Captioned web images
------------------------------------------------------------
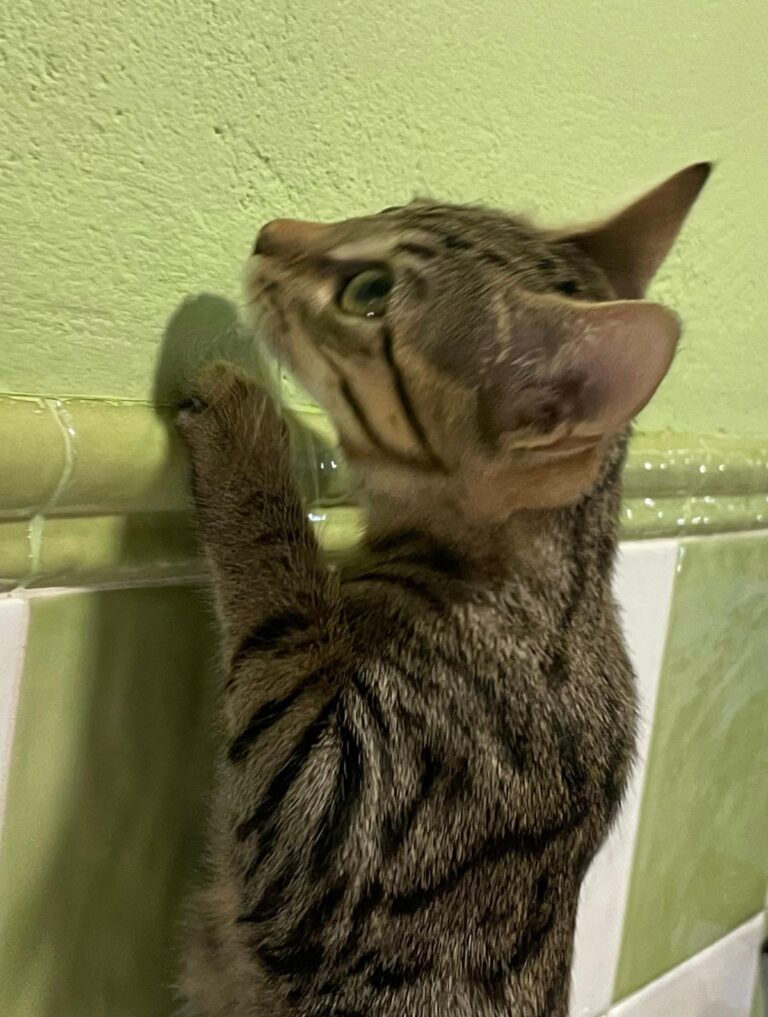 multimedia-foto91183-246-1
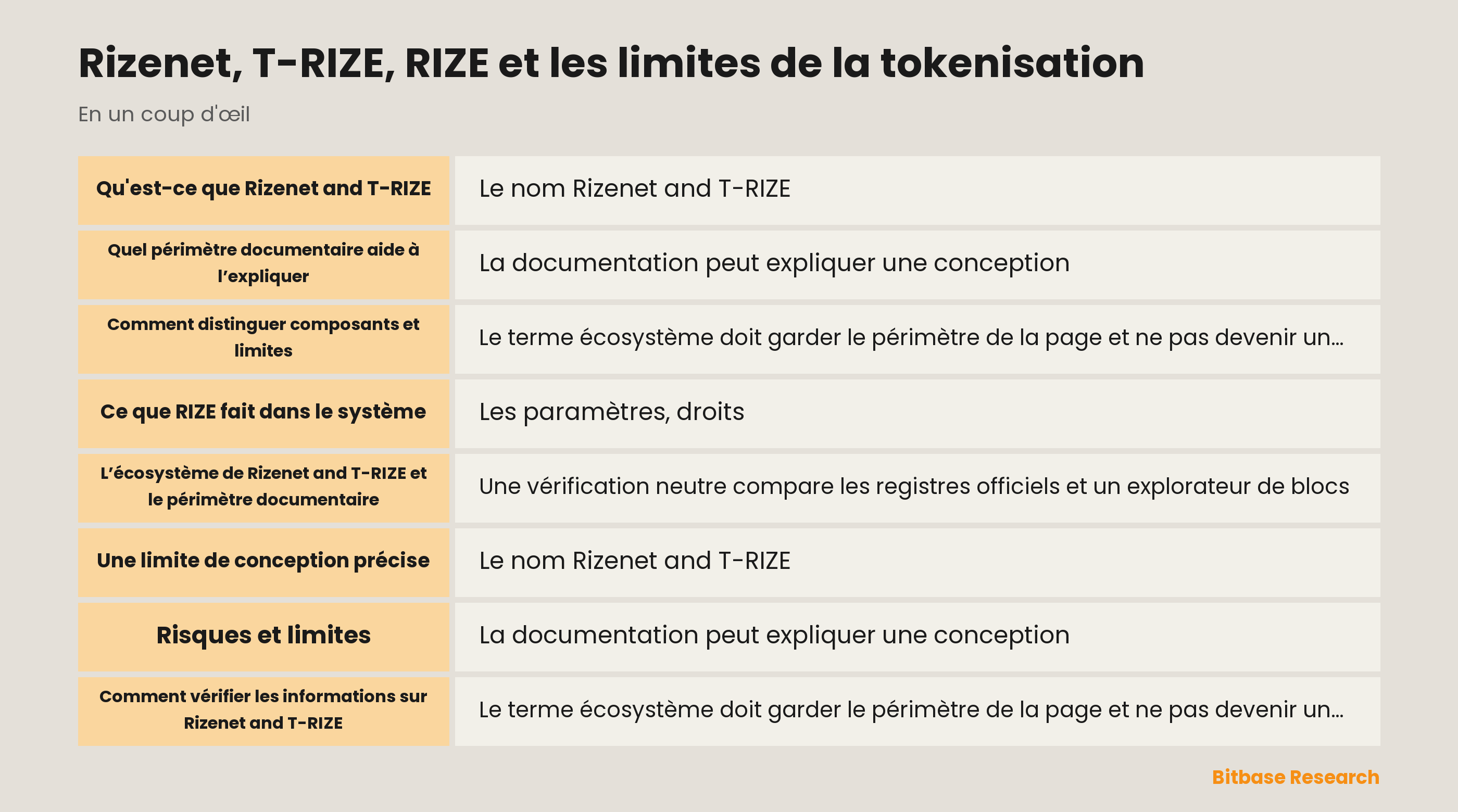 Rizenet, T-RIZE, RIZE et les limites de la tokenisation documentation overview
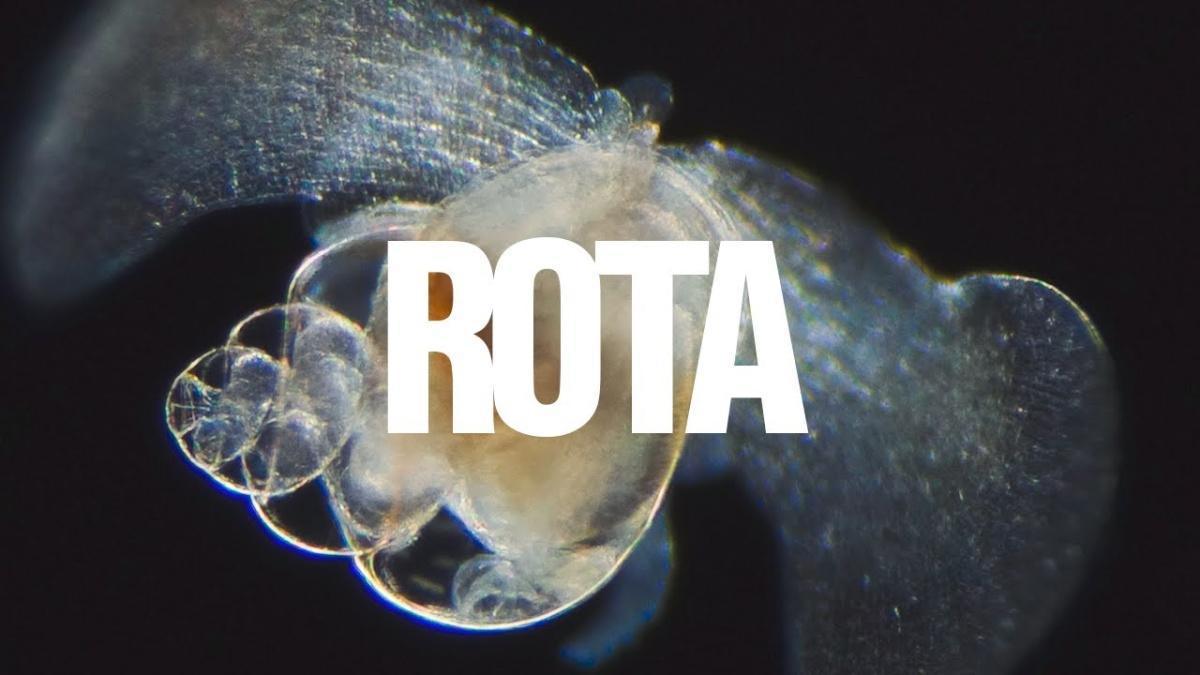 Rota - Luedji Luna - Música e Letra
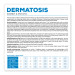 VET EXPERT Veterinary Diet Dermatosis Dog Králík & Brambor - suché krmivo pro psy - 2 kg - Fotogalerie 2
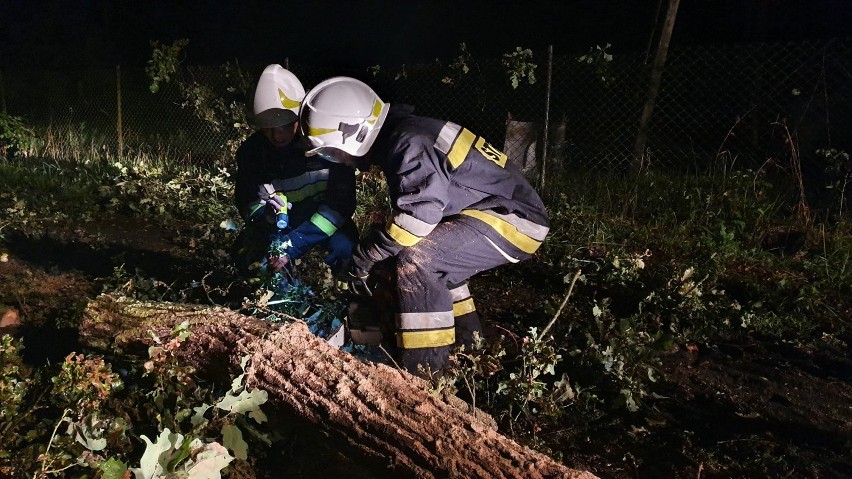 Strażacy z OSP Krotoszyn mieli pełne ręce pracy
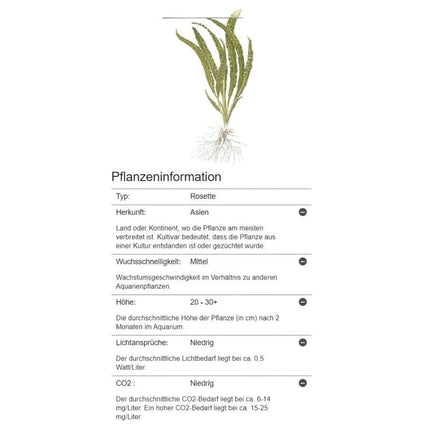 Cryptocoryne crispatula - Genoppter Wasserkelch | In-Vitro AquaLifeScape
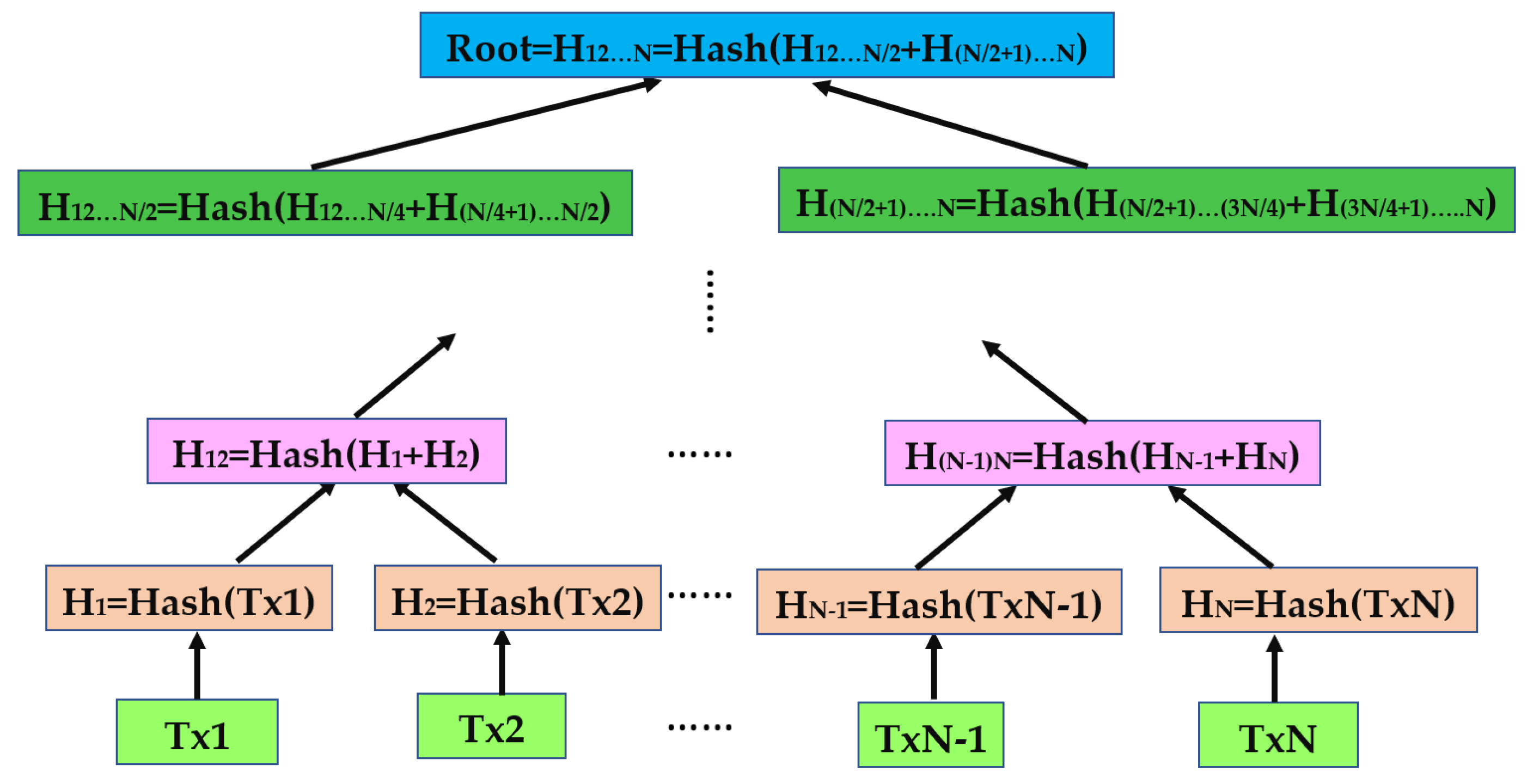 Network 03 00017 g003
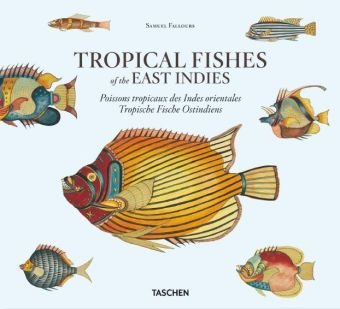Book Preview: Tropical Fishes of the East Indies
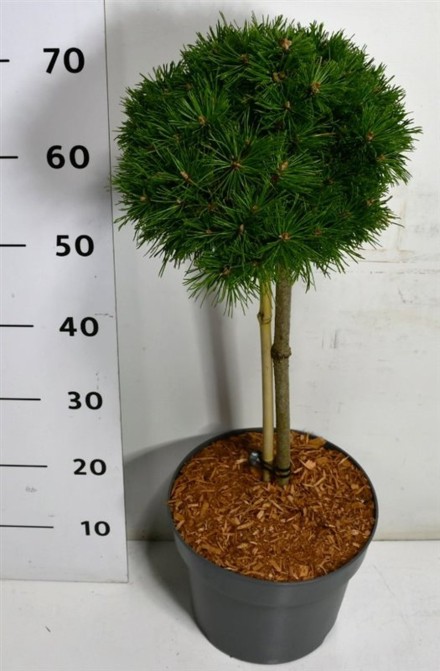 Pinus mugo 'Benjamin'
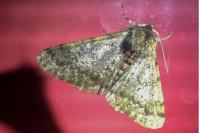 Phigalia pilosaria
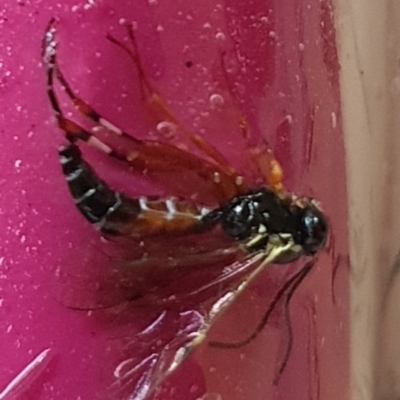 Ichneumonidae (family) (Unidentified ichneumon wasp) at Pearce, ACT - 4 Oct 2020 by Shell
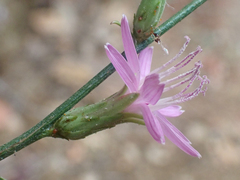 Stephanomeria cichoriacea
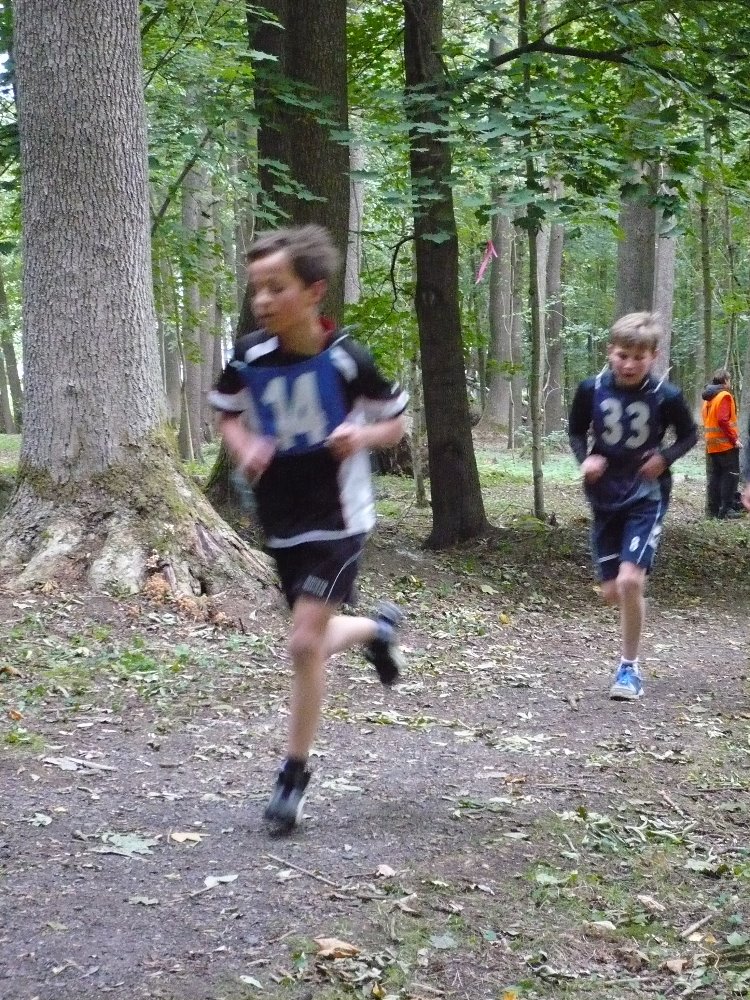 P1060492.JPG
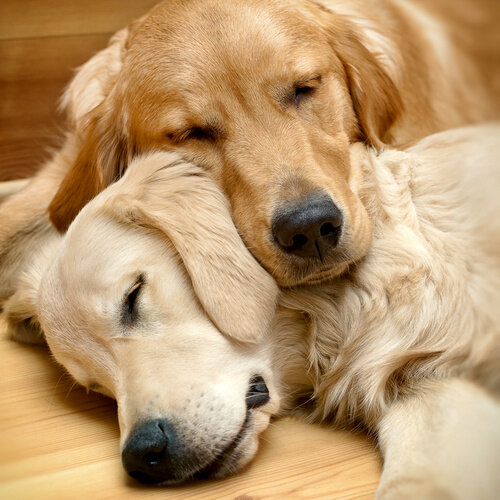 Position de sommeil du chien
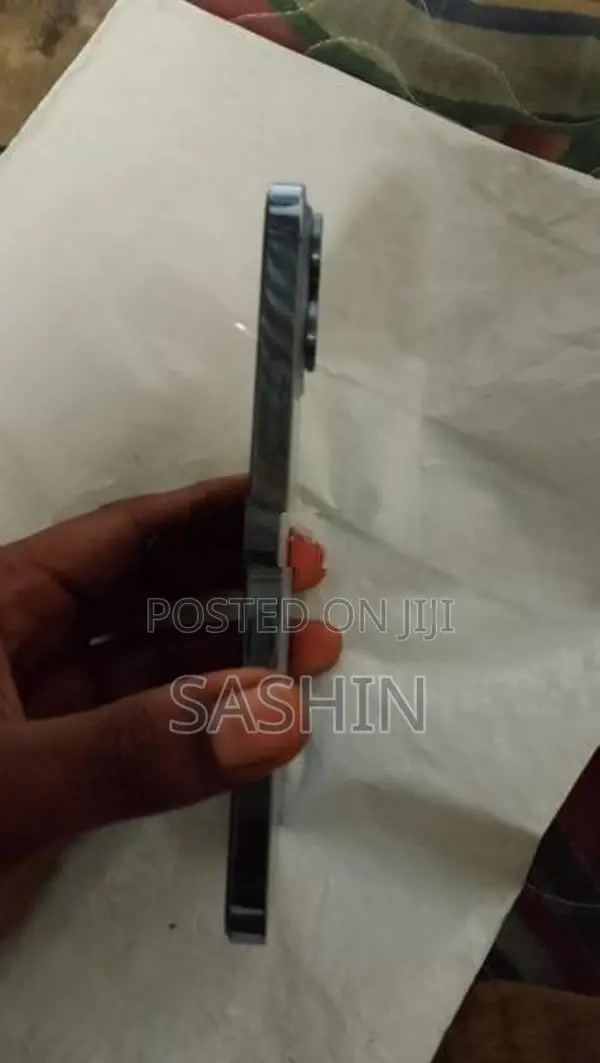 Apple iPhone 13 Pro Max (Used)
------------------------------------------------------------
■ Exercise goal ■
Nothing but the records, restated word for word and stripped of images, belongs in the answer.

■ Exercise response ■
 multimedia-foto91183-246-1
 Rizenet, T-RIZE, RIZE et les limites de la tokenisation documentation overview
 Rota - Luedji Luna - Música e Letra
 VET EXPERT Veterinary Diet Dermatosis Dog Králík & Brambor - suché krmivo pro psy - 2 kg - Fotogalerie 2
 Strażacy z OSP Krotoszyn mieli pełne ręce pracy
 Cryptocoryne crispatula - Genoppter Wasserkelch | In-Vitro AquaLifeScape
 Network 03 00017 g003
Book Preview: Tropical Fishes of the East Indies
 Pinus mugo 'Benjamin'
 Phigalia pilosaria
 Ichneumonidae (family) (Unidentified ichneumon wasp) at Pearce, ACT - 4 Oct 2020 by Shell
 Stephanomeria cichoriacea
 P1060492.JPG
 Position de sommeil du chien
 Apple iPhone 13 Pro Max (Used)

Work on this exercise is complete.